About this task: Reproduce the listing that follows word for word, without its pictures.

Data below:
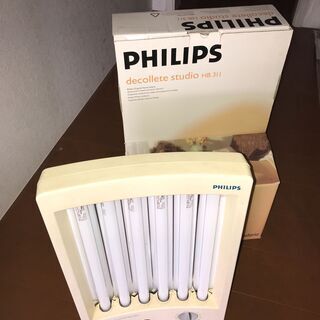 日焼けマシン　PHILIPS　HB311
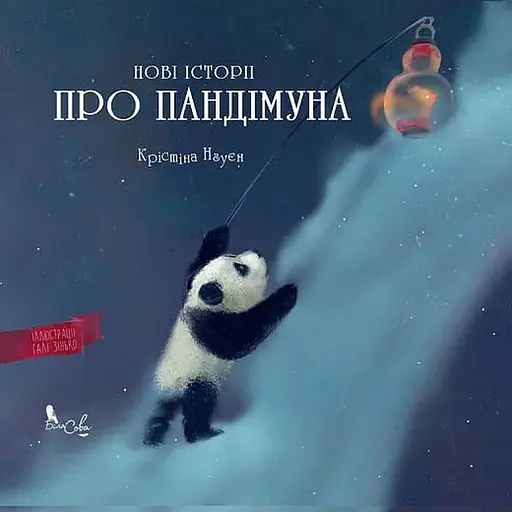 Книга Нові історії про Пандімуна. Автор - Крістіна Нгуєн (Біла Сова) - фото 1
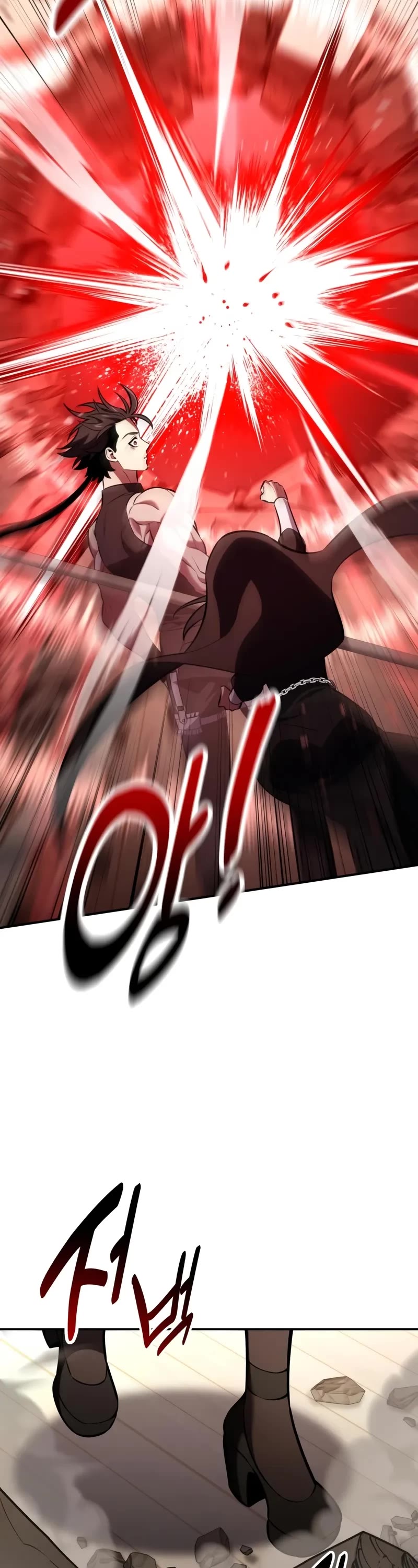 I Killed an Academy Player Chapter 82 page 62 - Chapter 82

Exercise answer:
 日焼けマシン　PHILIPS　HB311
 Книга Нові історії про Пандімуна. Автор - Крістіна Нгуєн (Біла Сова) - фото 1
 I Killed an Academy Player Chapter 82 page 62 - Chapter 82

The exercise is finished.